Movie studio Warner Home Video promotes its titles in the VOD environment as well, by placing ads in free on-demand content that fits demographically with the movies it wants to highlight. This summer it ran ads promoting “Racing Stripes” on-demand in front of Cartoon Network’s VOD content.

“I’m a real advocate of free on-demand because it’s a targeted audience,” said Michele Edelman, VP of marketing for Warner Home Video On Demand, adding that the tactic is new this year. “There is absolutely no waste. It’s the most effective advertising medium to fit the on-demand customer. Fish where the fish are.”

But as hours and viewing options grow, the job of the marketer gets tougher. That’s because the number of free movies will grow, necessitating that Warner Home Video indicate in its messaging when films have a price tag attached. The studio will also add bonus features available only on-demand or pay-per-view, and not on the DVDs, starting with the December releases of its films “Batman Begins” and “Charlie and the Chocolate Factory.”

Basic programmer Court TV has a different philosophy with on-demand. “I’m not sure any basic cable network would want to market their on-demand,” said Bob Rose, executive VP of affiliate relations for Court TV. “We’re not interested in taking audiences from the core product of Court TV.”

But on-demand can be useful in driving linear ratings. For instance, the network offered a sneak preview on-demand in Time Warner markets of its special “Scott Peterson: A Deadly Game” from July 30 through Aug. 3, in advance of the Aug. 4 linear premiere.
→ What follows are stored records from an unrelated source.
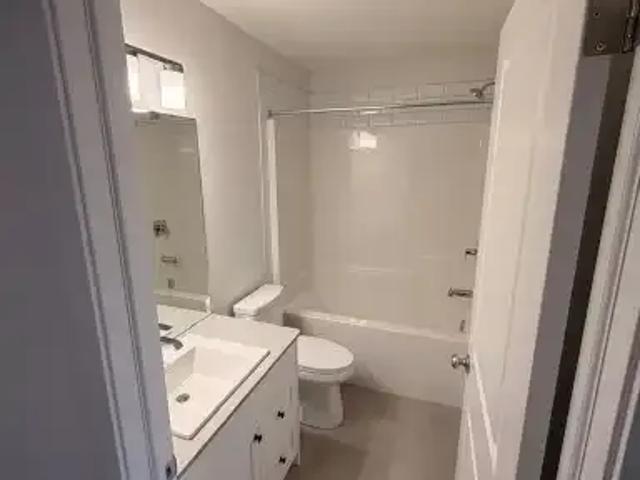 Townhouse 3 Bedroom For Rent Edmonton AB 2000 ES106134538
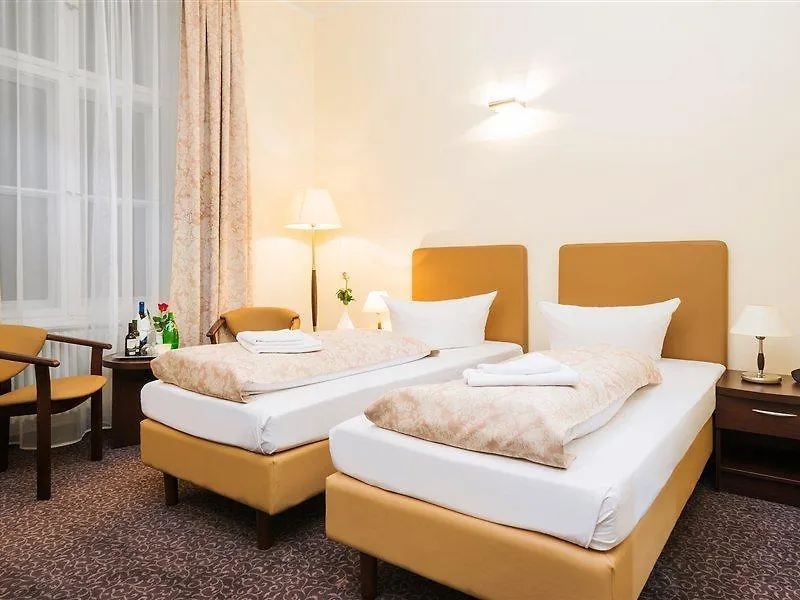 Upper Room Hotel Kurfuerstendamm Berlin Almanya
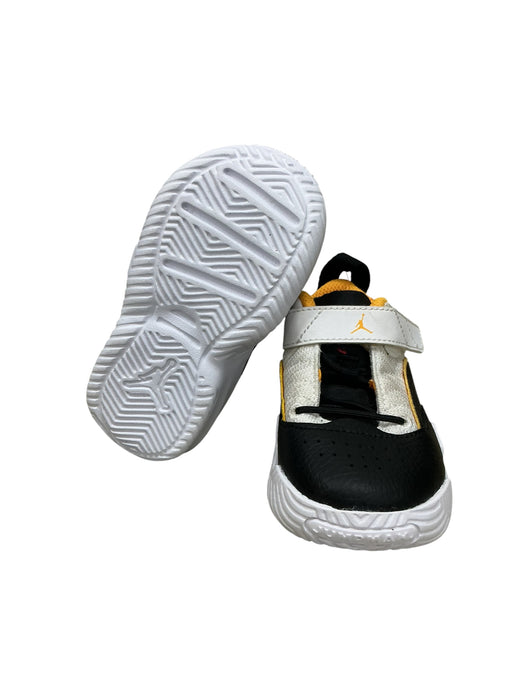 Tenis para bebé 6C (JORDAN)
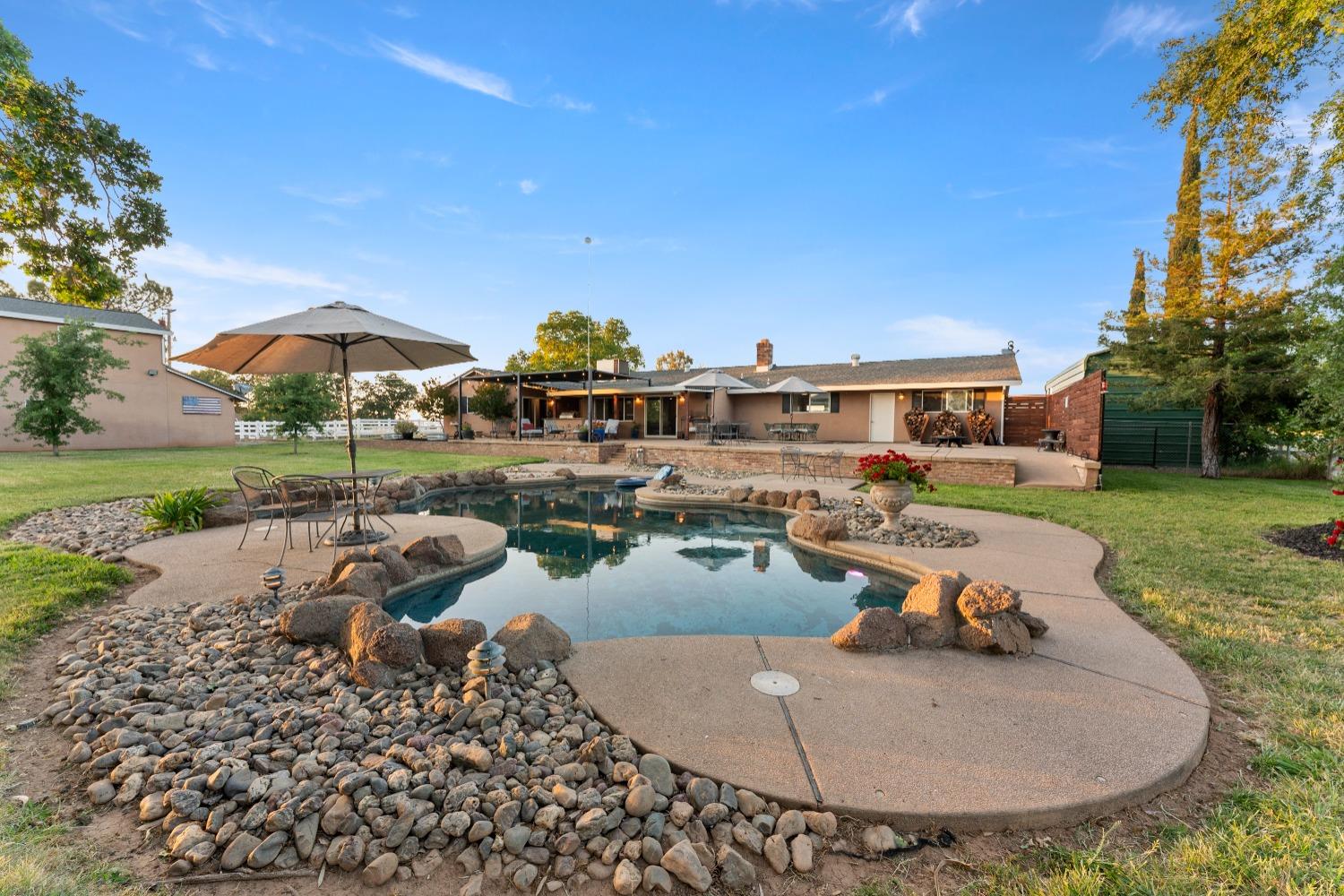 Detail Gallery Image 80 of 99 For 11750 Cresthill Dr, Elk Grove,  CA 95624 - 4 Beds | 2 Baths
The special generated a 0.8 household rating in non-Time Warner markets and a 1.0 rating in Time Warner markets.

National Geographic Channel believes VOD promotion, through partnerships with its MSO partners, is valuable because of the channel’s goal to be an omnipresent brand on every consumer platform, said Steve Schiffman, executive VP for marketing and new media at National Geographic Channel.

In September, Comcast asked other networks to provide Rome-themed content because the operator was pushing HBO’s “Rome” on VOD. National Geographic Channel offered behind-the-scenes content from its upcoming special “Hannibal v Rome” and was rewarded with placement on Comcast’s VOD barker channel, he said.

As hours grow, networks must think more about how to differentiate their content. That could include 20-minute trailers on-demand for hour-long shows, for instance, Mr. Schiffman said. “A 10,000-hour world is not different from a 300-channel linear universe and a broadband universe. We are in a product proliferation of media, and I think marketing becomes ever more important. VOD is just a microcosm of what’s happening in the broader media marketplace,” he said.